Reaction of the dicarbon-containing complex [Ru₅(µ₅-C₂)(µ-SMe)₂(µ-PPh₂)₂(CO)₁₁] 1 with monosubstituted alkynes HCCR (R = Ph, Bu^t or SiMe₃) yielded [Ru₅(µ₅-CCCHCR)(µ-SMe)₂(µ-PPh₂)₂(CO)₁₀] (R = Ph, Bu^t or SiMe₃) in which the Ru₅ pentagon in 1 is retained. Coupling of the C₂ and alkyne moieties forms a CCCHCR ligand which in combination with one Ru atom forms a metallacycle. The unsubstituted terminal carbon has a strong carbidic interaction with four of the Ru atoms. Carbonylation of the R = Ph and SiMe₃ complexes yields [Ru₅(µ₅-CCCHCR)(µ-SMe)₂(µ-PPh₂)₂(CO)₁₁] (R = Ph or SiMe₃), in which one Ru atom has been extruded from the cluster, although retained by co-ordination to bridging PPh₂, SMe and hydrocarbon ligands.
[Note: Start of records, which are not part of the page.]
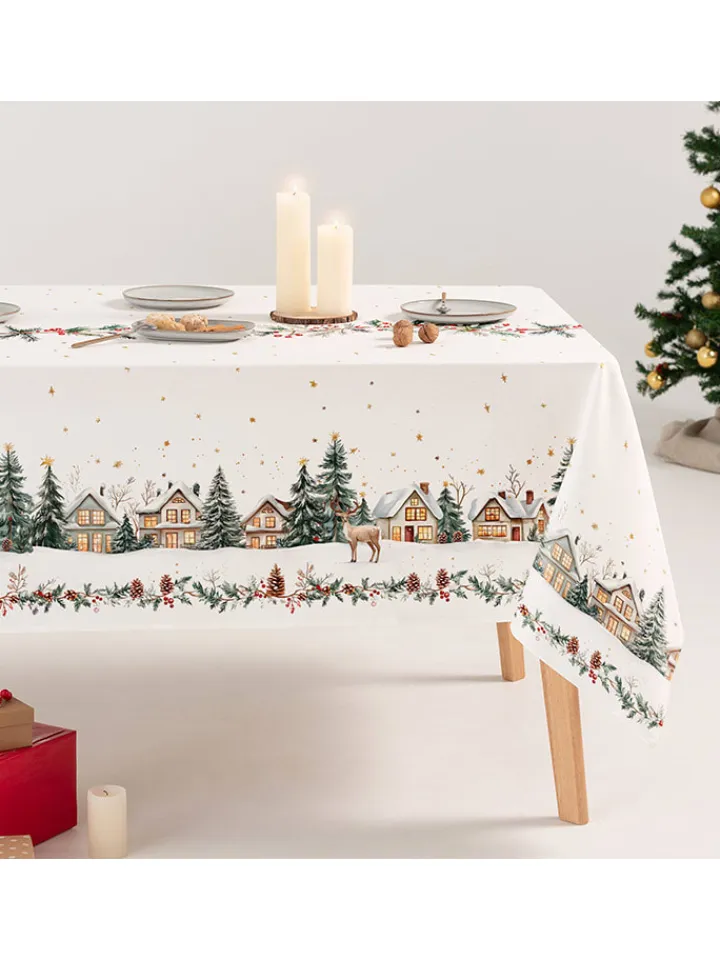 GAMUSI Küchentextilien|Tisch- & Küchentextilien<Tischdecke "Winset" in Weiß/ Grün/ Rot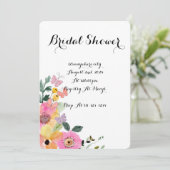 Botanische Blumendusche Einladung (Stehend Vorderseite)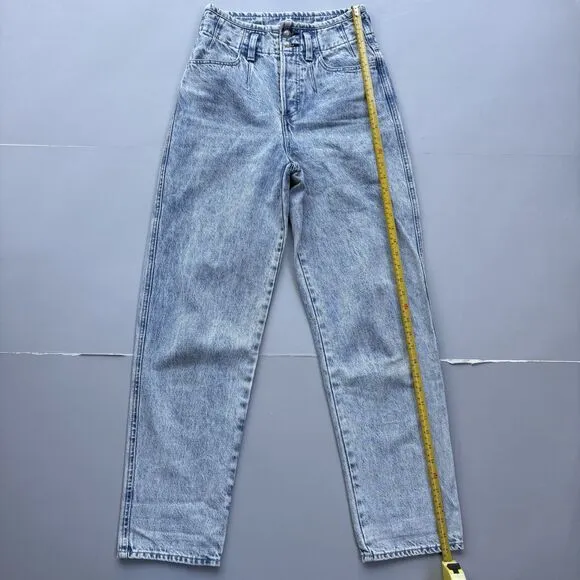 Rag &amp; Bone Women Size 25 Darted 90s Relax Jeans In Venus High Rise Acid Wash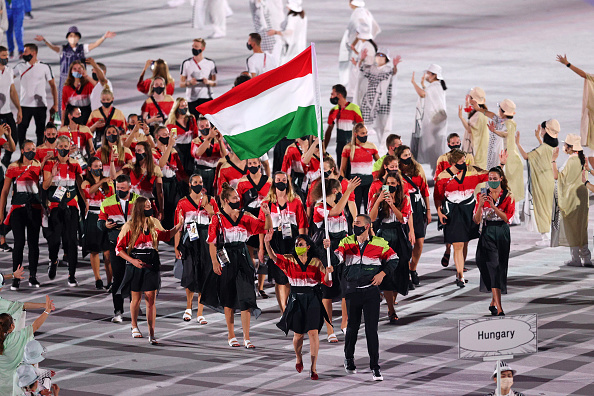 Bevonult a magyar olimpiai csapat az Olimpiai Stadionba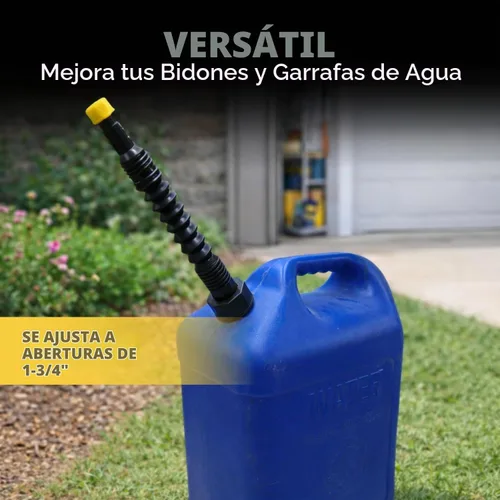 Vista 3 de Boquilla de repuesto, boquilla para jarra de agua o bidón de combustible. Actualiza tu recipiente antiguo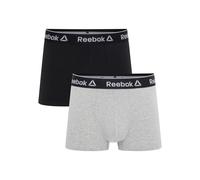 Reebok Lot de 2 boxers homme (noir/gris, XL)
A minor product in each case was identified as [Ru₅{µ₅-CC[C(O)SMe]CHCR}(µ-SMe)(µ-PPh₂)₂(CO)₁₀ (R = Ph or SiMe₃). Here, the organic ligand is formed by combination of the CCCHCR ligand with CO and one of the SMe groups and is attached to an Ru₅ core with an open-envelope conformation. Pyrolysis of [Ru₅(µ-CCCHCR)(µ-SMe)₂(µ-PPh₂)₂(CO)₁₁] afforded [Ru₅(µ₅-CCCHCR)(µ-SMe)₂(µ-PPh₂)₂(CO)₁₀] and [Ru₅(µ₅-CCCHCR)(µ₃-SMe)(µ-SMe)(µ-PPh₂)₂(CO)₉] (R = Ph or SiMe₃), in which one SMe group becomes triply bridging. The complex [Ru₅{µ₅-CC(CHCSiMe₃)C(=CHSiMe₃)CO}(µ-SMe)₂(µ-PPh₂)₂(CO)₈], in which the organic ligand, formed by combination of CO, HC₂SiMe₃ and CCHSiMe₃ molecules, is attached to the opposite side of the open-envelope cluster from that in [Ru₅{µ₅-CC[C(O)SMe]CHCR}(µ-SMe)(µ-PPh₂)₂(CO)₁₀], has also been isolated. The structures of five complexes were determined from single-crystal X-ray studies.